Ivan Sen's new film is more an experience than a plot-driven narrative, its dramas intimate and personal.
Jillian Nguyen cracks the emotional shell of Ivan Sen’s film Loveland. Image: Bunya Productions.

In a crowded, impersonal future metropolis, a hired killer named Jack (Ryan Kwanten) struggles to figure out his place in the world. A street kid who never knew his mother, he falls asleep beside sexbots built to look like middle-aged women, wondering if his real mother would recognise her eyes in his face. The streets he walks are crowded, but his life is empty of meaning; even his murders leave no trace on him. Then he sees a woman on a train and everything changes.

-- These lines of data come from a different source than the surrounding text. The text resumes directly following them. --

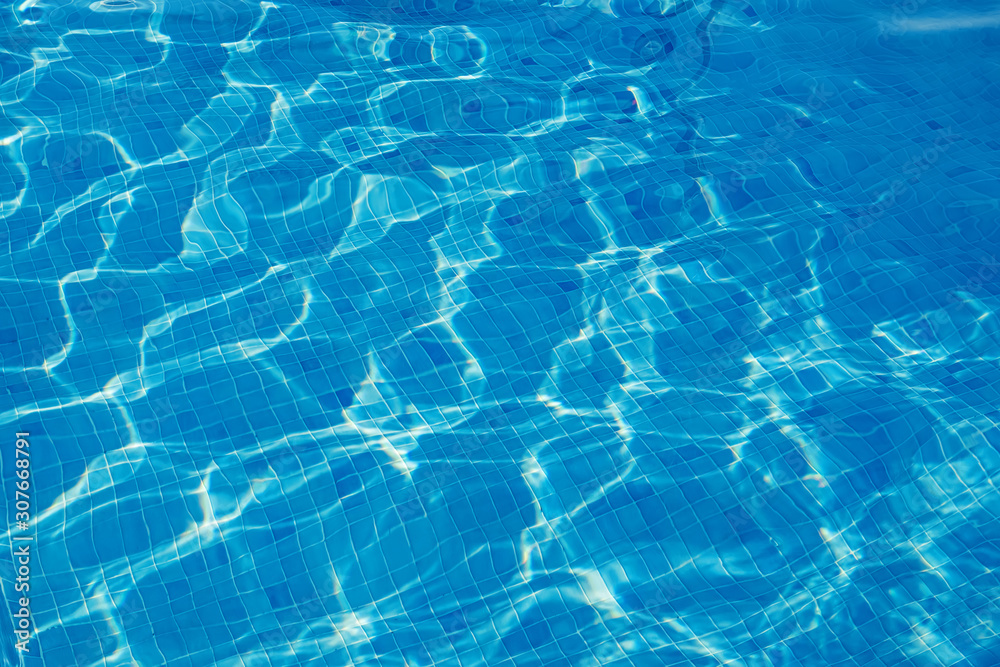 Ripple water in the swimming pool with sun reflection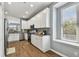 Bright kitchen with stainless steel appliances, white cabinets, granite countertops, and warm wood-look flooring at 5702 Tides Pl, Apollo Beach, FL 33572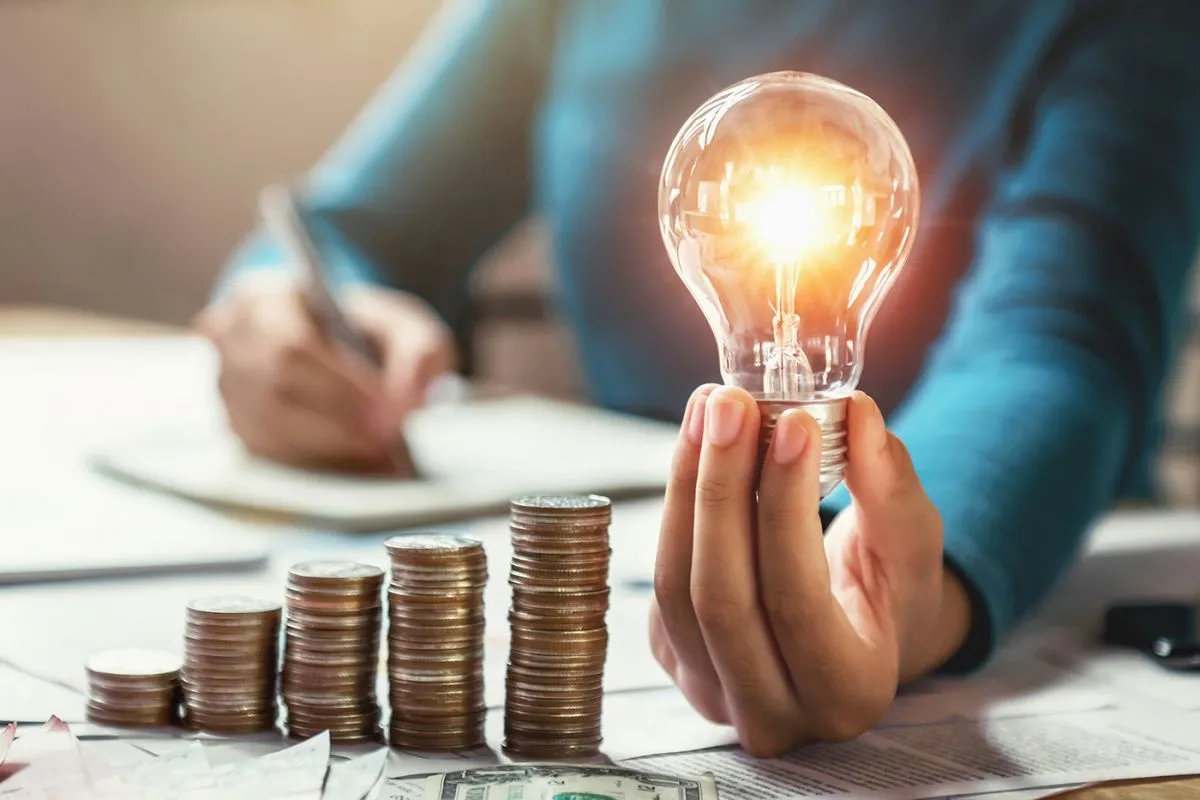 Business,Woman,Hand,Holding,Lightbulb,With,Coins,Stack,On,Desk.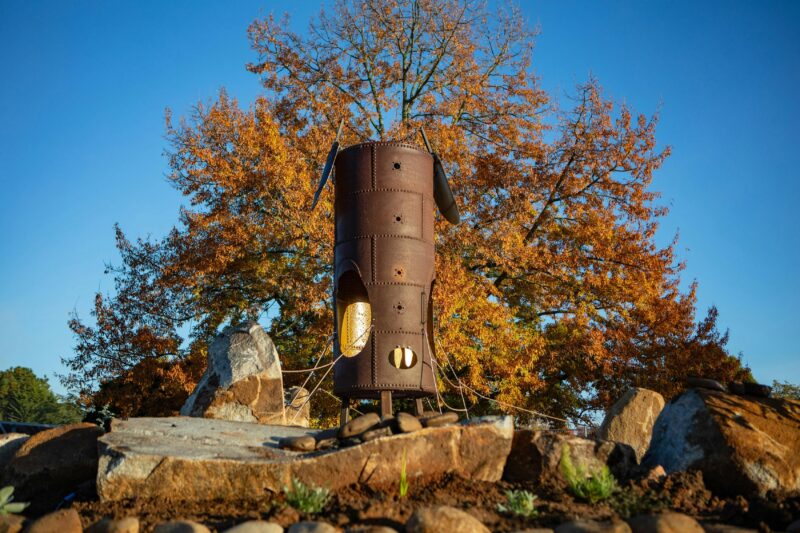 A tall metal sculpture sits atop a boulder infront of a large autumnal tree and blue sky.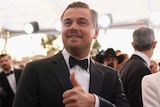Leonardo DiCaprio gives thumbs up on the red carpet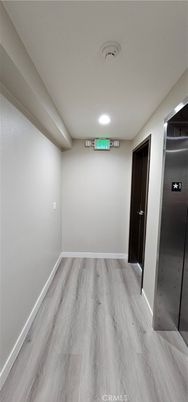 Elevator, Empty room, Interior, Recessed Lighting, Wood Texture Flooring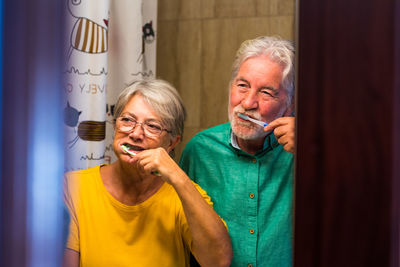 Young man and woman standing in bathroom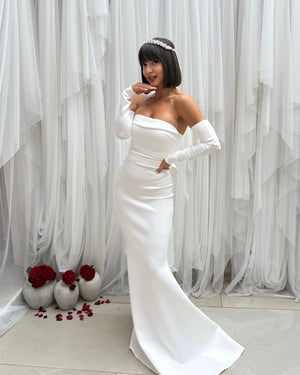elegant white off shoulder gown with headpiece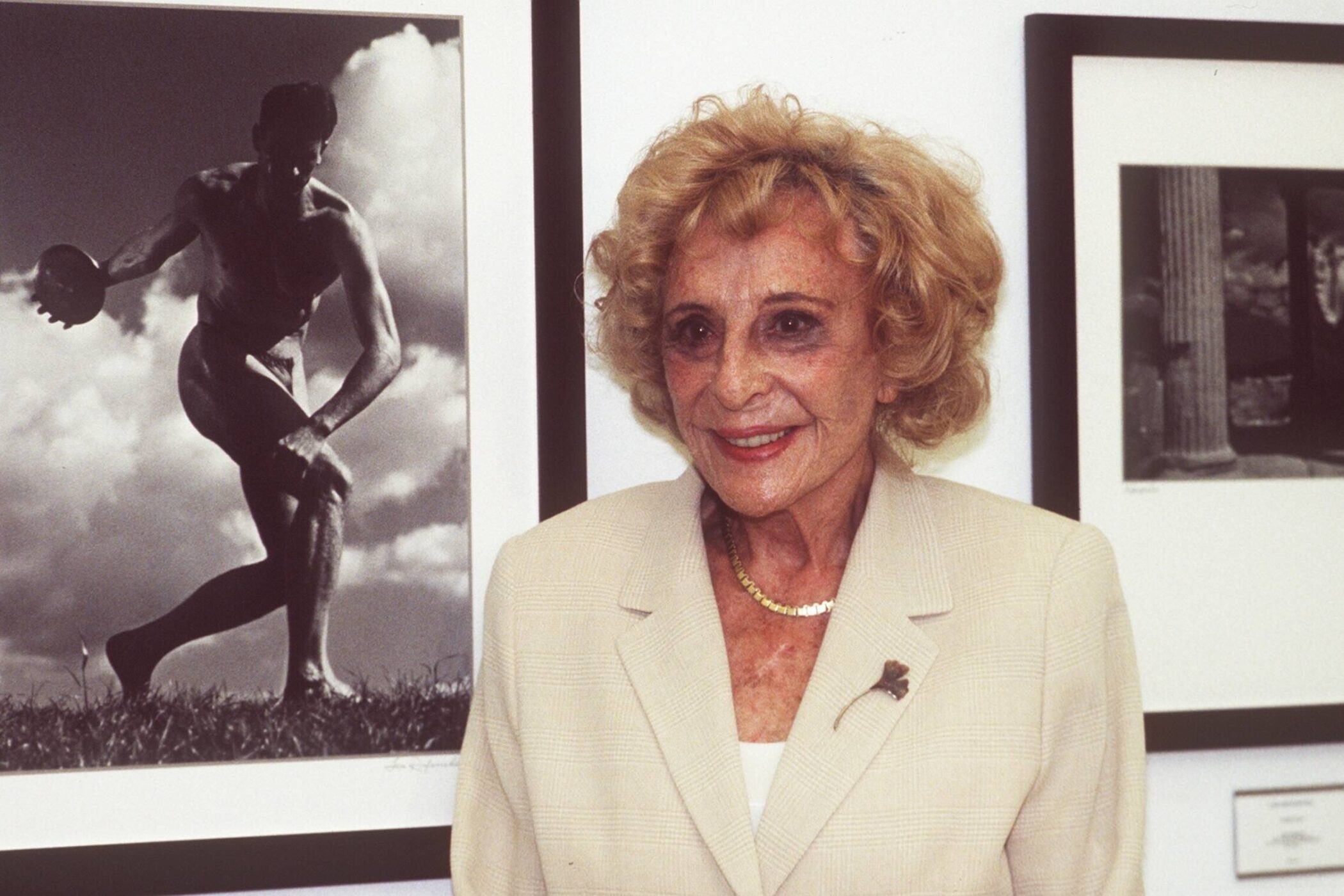 Ältere Frau in hellem Blazer vor zwei gerahmten Schwarz-Weiß-Fotos an der Wand.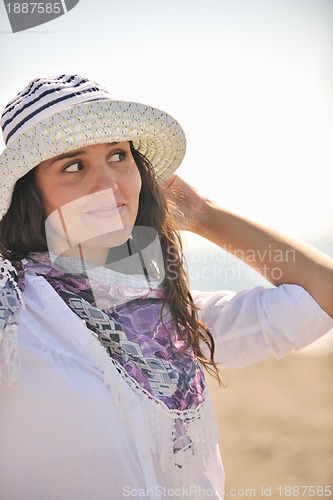 Image of happy young woman on beach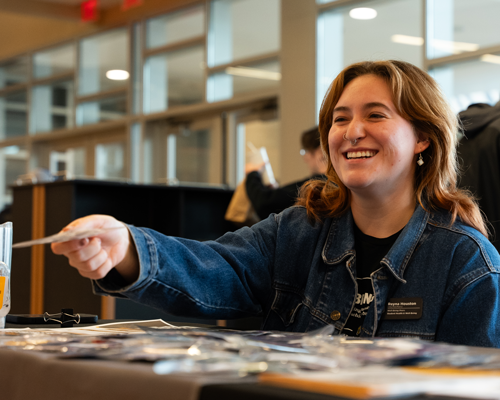 Student passing out materials at event.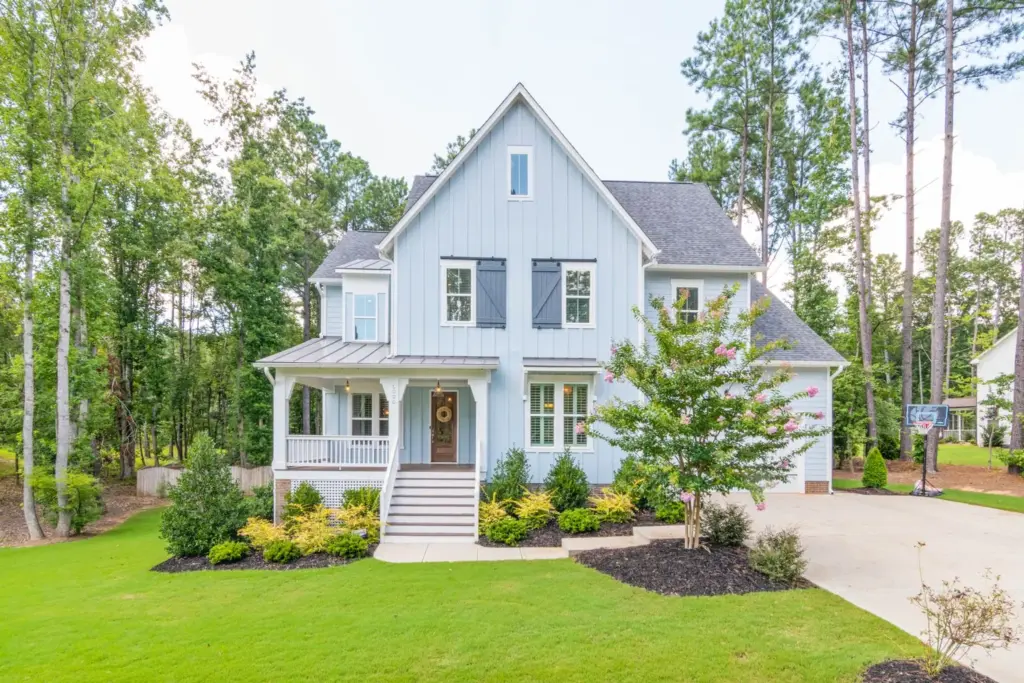 Single-story ranch-style home with covered porch and landscaped front yard in Austin Texas suburb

Ivan Sen’s Loveland was shot in part guerrilla-style on the streets of Hong Kong, with Kwanten’s sombre killer walking through the teeming city’s crowds. The usual cliches about the city being a character don’t quite fit here; Hong Kong is playing a future version of itself, with long shots featuring science fiction skyscrapers and a constant heavy mist that blocks out the moon even as bright lights (drones? Flying cars?) cut through it. It’s a memorable location, but it’s always slightly removed; this is fiction, not documentary.

The woman on the train is April (Jillian Nguyen), a karaoke singer men hire for the night to serenade them in private booths where their faces remain a mystery. Jack hires her, then comes back, then asks her out for a meal.

‘How will I know you?’ she says.

‘I’ll be the one looking at you.’

Read: Ivan Sen on filming Loveland: ‘It was just a joy’

A tentative relationship begins, and Jack’s gaunt shell begins to thaw. And keeps on thawing. Soon he’s falling apart. Could his next target, runaway specialist in life extension Doctor Bergman (Hugo Weaving), be the one to uncover the secret of why, just when his life seems to be coming together, Jack’s body is starting to fall apart?

Minor key

Loveland tells its story in a minor key. Plot angles rear up, only to fall away. Jack’s increasing decrepitude just when it seems like his murderous past is catching up to him could lead to a string of tense action sequences. Bergman’s mysterious corporate past could have massive implications for the future of the world they live in.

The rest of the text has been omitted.